L'eliminazione dell'Atletico, dopo che l'anno scorso avevano passato il girone per un pelo, sono anche il sintomo che un certo tipo di calcio, passivo e posizionale, ha fatto il suo tempo. Oggi se giochi cosi o hai qualità+esperienza del Real oppure difficilmente prevali in Europa. Puo andarti bene qualche volta, ma nel complesso non vinci mai.

Paradossalmente è meglio giocare bene un calcio di attacco, anche sbilanciati, e prendere qualche goal in piu. Nel lungo termine hai risultati migliori, vinci piu partite.

Il discorso cambia nelle singole partite, dove invece devi avere maturità e intelligenza per variare, come abbiamo fatto noi nella corsa scudetto e come ha fatto piu in grande il Real nella scorsa Champions.


----------



## ILMAGO (3 Novembre 2022)

*prenedevamo troppi goal.

Bisogna giocare SEMPRE con 3 mediani.
Se non la sblocchi fai in tempo al 70’ a mettere 4 punte (che hai in panchina).


----------



## OrgoglioMilanista (3 Novembre 2022)

Il mio è un discorso che non vale solo per ieri, ma dall'inizio della stagione, infatti questa discussione l'ho aperta a metà Settembre. 

La mia sensazione, forse sbagliata, è che Pioli ora si senta veramente molto molto sicuro di sé stesso e si fidi veramente tanto dei suoi calciatori. Sono entrambe cose buone e giuste, ma forse sta esagerando. Quando hai un terzino come Hernandez che è un fenomeno e che si spinge costantemente in attacco, devi per forza di cose avere un centrocampista che vada a coprire il buco che lascia, visto che noi come ala abbiamo Leao che torna pochissimo.

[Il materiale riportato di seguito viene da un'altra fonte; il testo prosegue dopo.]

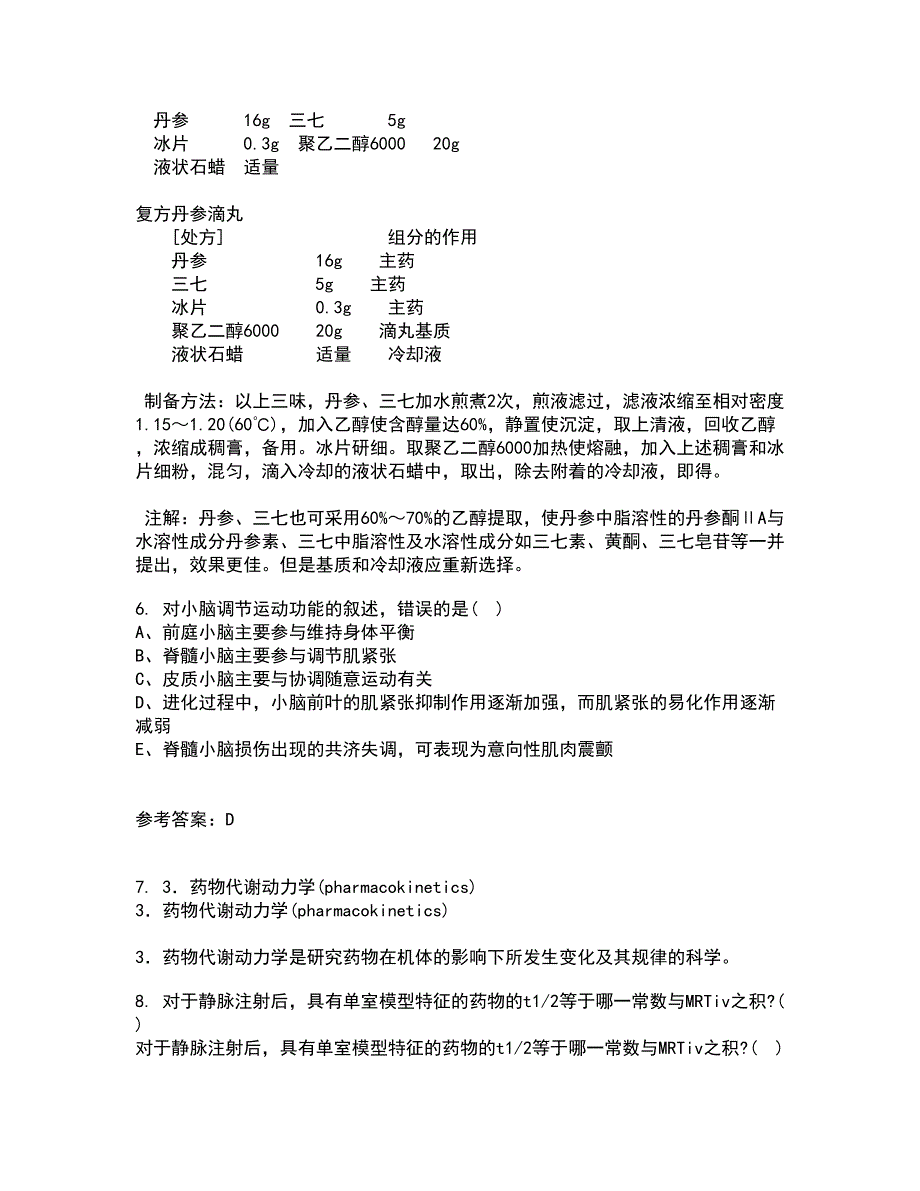 中国医科大学21春《药物代谢动力学》在线作业二满分答案85_第2页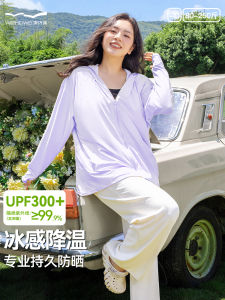 Womens Large Size Breathable Ice Silk Sun Protection Shirt UV Protection Outerwear Summer Ladies Forest Hiking Outdoor Clothing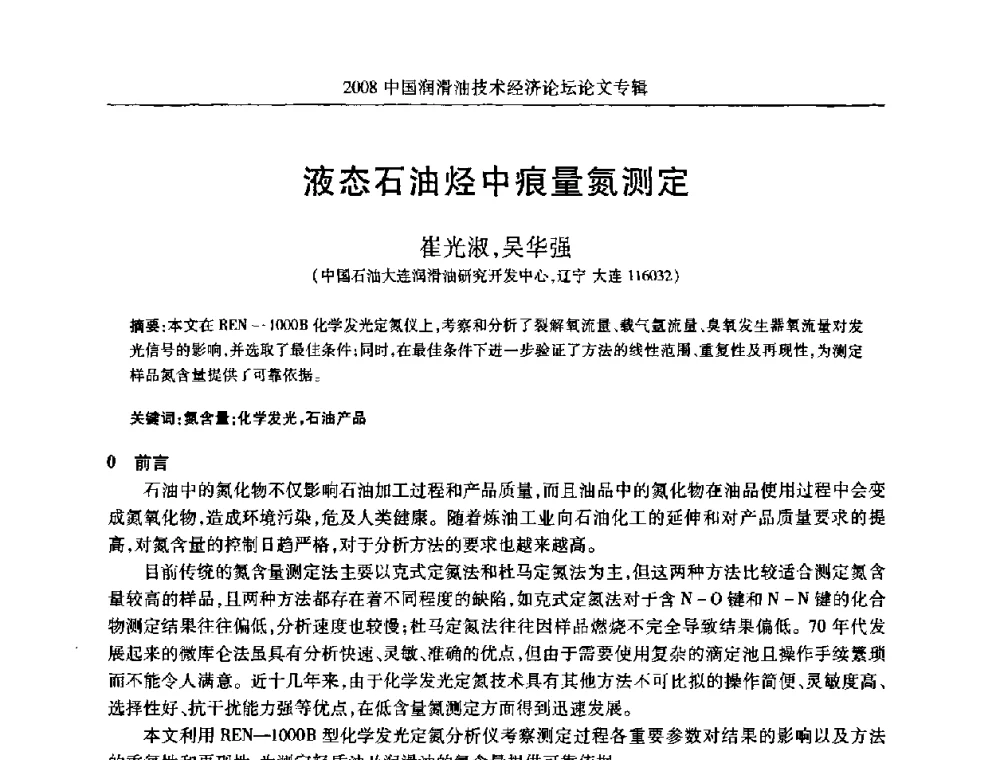 液态石油烃中痕量氮测定 - 2008中国润滑油技术经济论坛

Lo scorso anno questo lavoro lo faceva spesso e volentieri Kessie, quest'anno non lo fa nessuno. 

Per me lo scorso anno giocavamo meglio ed eravamo più equilibrati. Ora siamo troppo sbilanciati ed è il Mister a dover risolvere questo problema. Mi fido di Pioli, penso che prima o poi sistemerà questa cosa. 

Onestamente non vedo la nostra rosa inferiore a quella del Napoli, anzi, secondo me siamo più forti nel complesso. La differenza col Napoli è che ora giocano meglio e sono più solidi, ma ho addirittura sentito dire che questo Napoli puo' anche arrivare in finale di Champions, fermo restando che mi son messo a ridere quando ho sentito questa cosa, se dovessimo aggiustare il tiro e trovare l'equilibrio dello scorso anno, per me ai quarti ci possiamo arrivare se non becchiamo City, Bayern o Real. Ed onestamente per me ce la possiamo giocare anche con quelle 3. Non dico che passeremmo il turno, ma di sicuro non partiamo sconfitti.


----------



## diavoloINme (3 Novembre 2022)

Lineker10 ha scritto:


> L'eliminazione dell'Atletico, dopo che l'anno scorso avevano passato il girone per un pelo, sono anche il sintomo che un certo tipo di calcio, passivo e posizionale, ha fatto il suo tempo. Oggi se giochi cosi o hai qualità+esperienza del Real oppure difficilmente prevali in Europa. Puo andarti bene qualche volta, ma nel complesso non vinci mai.
> 
> Paradossalmente è meglio giocare bene un calcio di attacco, anche sbilanciati, e prendere qualche goal in piu. Nel lungo termine hai risultati migliori, vinci piu partite.
> 
> Il discorso cambia nelle singole partite, dove invece devi avere maturità e intelligenza per variare, come abbiamo fatto noi nella corsa scudetto e come ha fatto piu in grande il Real nella scorsa Champions.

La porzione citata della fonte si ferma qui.